Merhaba, Deniz'in tavrı konusunda bugün ben de asıl tepkiyi Nazlı'nın koyması gerektiğini düşündüm. Üstelik bunu Ferit'in yanındayken koymalı. Deniz giderek haddini aşıyor. Ferit'i sürekli "Sen insanların hayatını yönetiyorsun!" diye suçluyor ama kendisi de öte yandan onların izni ve rızası olmadan herkesin gönüllü avukatlığını yapıyor Ferit'e karşı. Demet'i savunuyor, Nazlı'yı savunuyor, hatta Asuman'ı bile... Giderek daha da rahatsız edici olmaya başladı. At sineğinden beter... Yapışıyor, ittiriyorsun kalkıp öbür tarafa yapışıyor. Niye bu karateri bu hâle soktular daha da mühimi niye sürekli aynı çizgiden yürütüyorlar anlamak mümkün değil. İki haftadır dile getiriyorum, gidişat iyi değil. Salı çok daha zor bir geceyken çok daha iyi sonuç alınıyordu. Her şeyi gün değişikliğine bağlamamak lazım. İzleyici mesajı veriyor onu dikkate almak gerek. Haaaaa, tabi asıl maksat diziyi zaten bitirmek istemekse o ayrı, ona diyeceğim bir şey yok
ask seyredecegiz diye bir umutla gectigimiz ekran basina Hakan&Demet ve devamli evliligi sorgulayan Deniz ile artik ses tonuna gicik oldugum Asuman tiplemelerini seyretmek zorunda birakilmamiza isyan! ediyorum. butun cazibesini kaybetmeye basladi dizi. Hakan in psikotpatligi mi dizi konusu Denizin takintisi mi adamin kafa tek seye basiyor Ferit ile Nazli nin sahte evliligi oturuyor kalkiyor onu soruyor. hakikaten bay geldi... ask konulu hashtag verip boyle bir bolum izlettirmek hangi zekanin urunu acaba??? gercekten cok tepkliyim. cok guzel yazmissiniz umarim yapimdan birileri yazilarinizin takipcisidir. isyan ettirdiler bizi....

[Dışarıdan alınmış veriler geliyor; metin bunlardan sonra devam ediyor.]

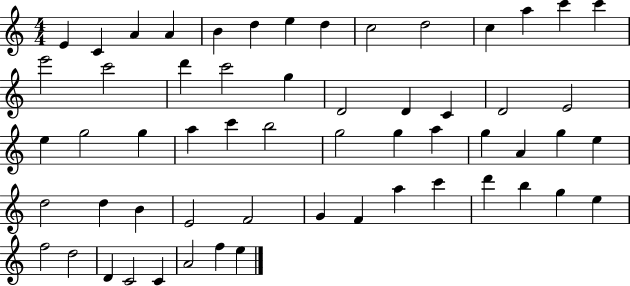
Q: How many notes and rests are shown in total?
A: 58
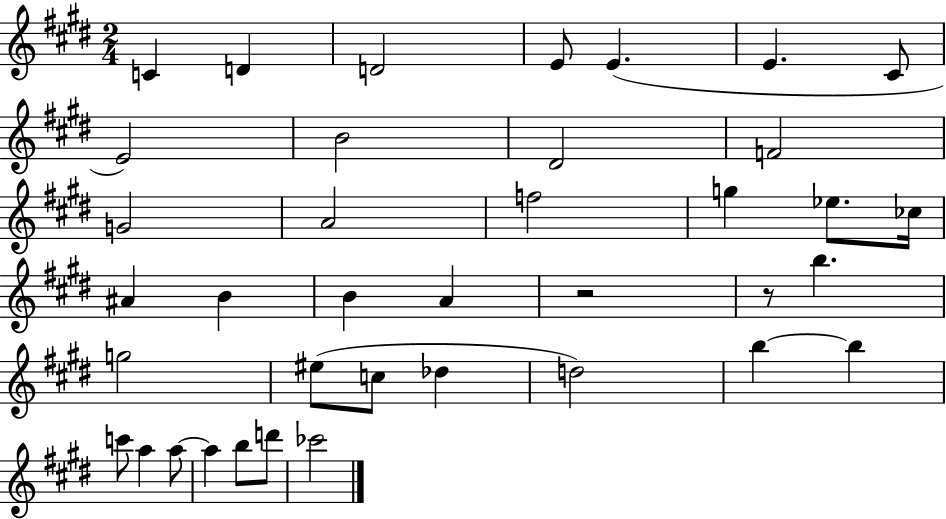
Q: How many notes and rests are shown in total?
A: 38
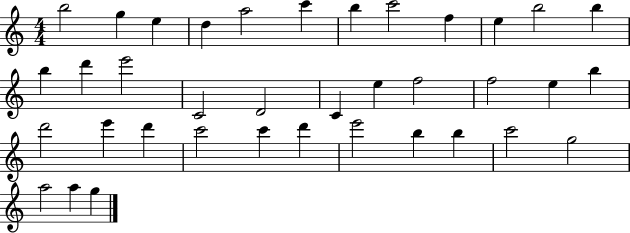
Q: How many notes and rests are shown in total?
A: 37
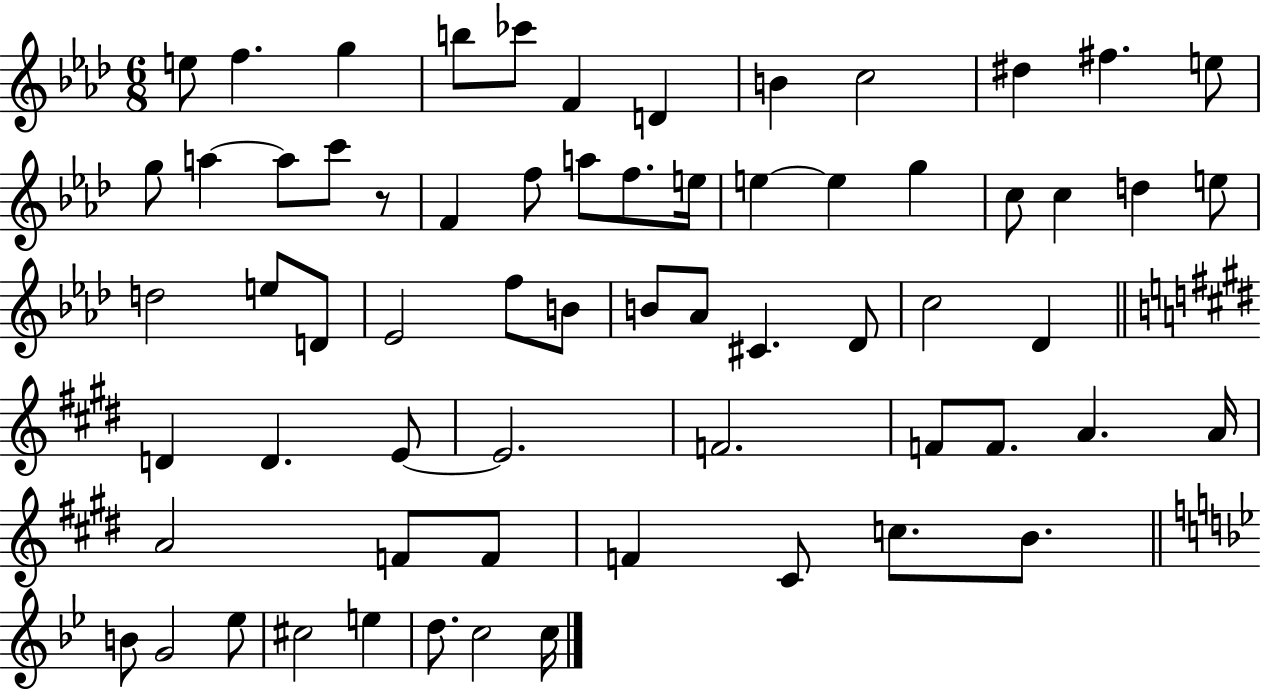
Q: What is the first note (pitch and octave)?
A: E5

Merhaba, Aslında burayı okuyup okumamaları önemli değil sosyal medya tepkilerini görüyor olmaları lazım. Gerçi ben bu noktada sosyal medyadaki her tepkiyi ciddiye alsınlar demiyorum, öyle iş yapılmaz ama bir gerçek var o da nasıl işlevi bitti, hikayede yeri kalmadı diye Alya çıkarıldıysa aynı ciddiyetin Deniz için de gösterilmesi. Diziden çıkarılması değil elbette konu ama farklı bir öyküye yerleştirilmesi gerek. Her bölüm 3 defa Ferit'e "Sen insanları yönetiyorsun, zorbasın!" demekle işlev oluşmuyor. Niye ısrarla Deniz vurgusu yapıldığıyla ilgili terorilem yok mu, var ama neyseeeee.... Eğer izleyici sıkılsın bıraksın da diziye final yapalım mantığı varsa söyleyecek sözüm yok ancak aksi takdirde ciddi hata yapılıyor demekten öte elimden gelen bir şey yok
anladigim kadariyla bir dizi basladiginda bunun bir plani yok mu bu dizi 19 bolum surecek ya da 25 bolum diye...eger ilk bolumu yazip allah ne verdiyse kafasi ile gidiliyorsa ki ihtimal vermiyorum PES! derim. Zaten hikayenin bitecegi yer bastan kurgulanmis olmali degil mi? bir sekilde bitecek; raytinglere bakalim tutarsa devam tutmazsa final kafasini ben seyiciye yapilan haksizlik olarak goruyorum. Deniz den cok nefret geldi. hele asuman la ikisi yenilir yutulur gibi degil!!fragman a gore bir de Ferit in eskilerinden biri cikacak ortaya devamli bie dugum atip uzatiyorlar ama hikayede asil ciftin askini goremiyoruz!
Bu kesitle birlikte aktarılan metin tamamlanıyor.